Bhargava adds the solutions will have to be tailor-made for India and electric mobility is not the only answer. He suggests solutions like methanol, ethanol in the medium-term, and CNG (compressed natural gas) in the short-term as options. Maruti Suzuki is already the largest producer of factory-fitted CNG cars and according to its top management it is researching technologies on increased methanol and ethanol usage in its cars. His scepticism for electric vehicles stems from charging infrastructure constraints in India and the challenge of costs.
Analysts agree. “The technology which will drive the auto industry’s future will be the one which leads to lesser pollution and usage of green energy to whatever extent possible. This would mean lithium-ion, or any other alternatives like methanol, ethanol will be the future,” says Sridhar V, partner at Grant Thornton. Rakesh Batra, partner and national leader (automotive) at EY, says electric mobility and CNG will have a big impact on automobile manufacturers: “CNG could have an impact because that is something that already exists within India and the government is thinking they’ll finally do something to expand the reach of CNG.”
Not that Maruti Suzuki doesn’t have EV plans. It is starting trial runs of electric vehicles in collaboration with Toyota Motor Corp, a partnership that Bhargava says will help Suzuki and Maruti Suzuki get access to better technology, especially for electric cars. By 2020, it will also launch its first electric vehicle in India. How it manages to make the electric vehicle affordable will be one of the biggest challenges in the company’s 35-year history.

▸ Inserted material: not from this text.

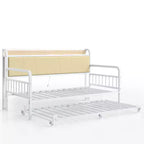 Lit de repos VECELO avec lit gigogne, cadre de lit avec tête de lit de rangement et station de charge, lit de repos-canapé avec support solide pour salon ou chambre à coucher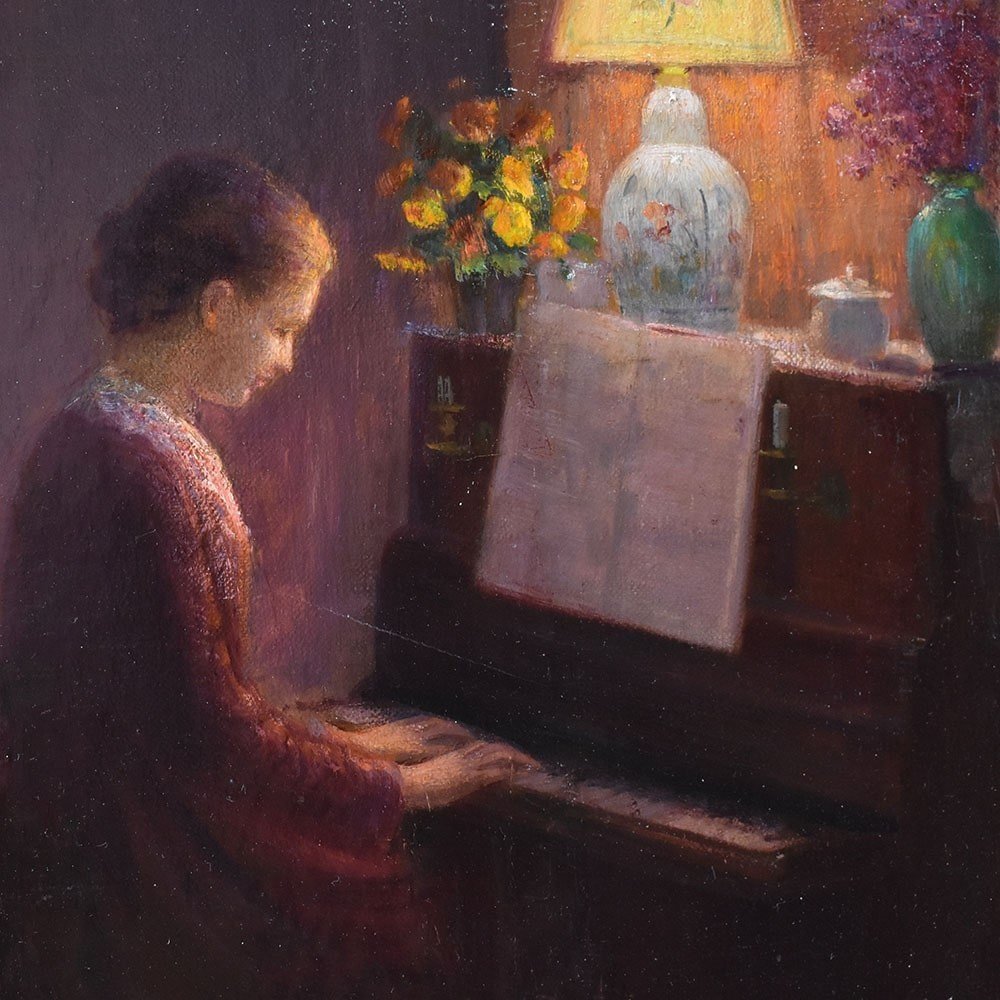 QUADRI ANTICHI, RITRATTI DI DONNA AL PIANOFORTE, METÀ DEL NOVECENTO. (QR574)-photo-4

Experts are optimistic. “Maruti has a very good understanding of the consumer needs and being able to design products that fulfil those needs” says another consultant at a global audit and consultancy firm. “Customers don’t buy government policies, they buy products. That is where Maruti Suzuki will have an advantage, because of their deep understanding of the customer.” There’s no better testament to that than the fact that the Maruti 800’s first owner drove the car all his life and never upgraded. So, ultimately the choice of what powers Maruti Suzuki—whether it is electricity or alternative fuels—is a decision buyers need to make. The company has no option but to listen to the customer to remain No. 1, or as the Japanese say, ichiban.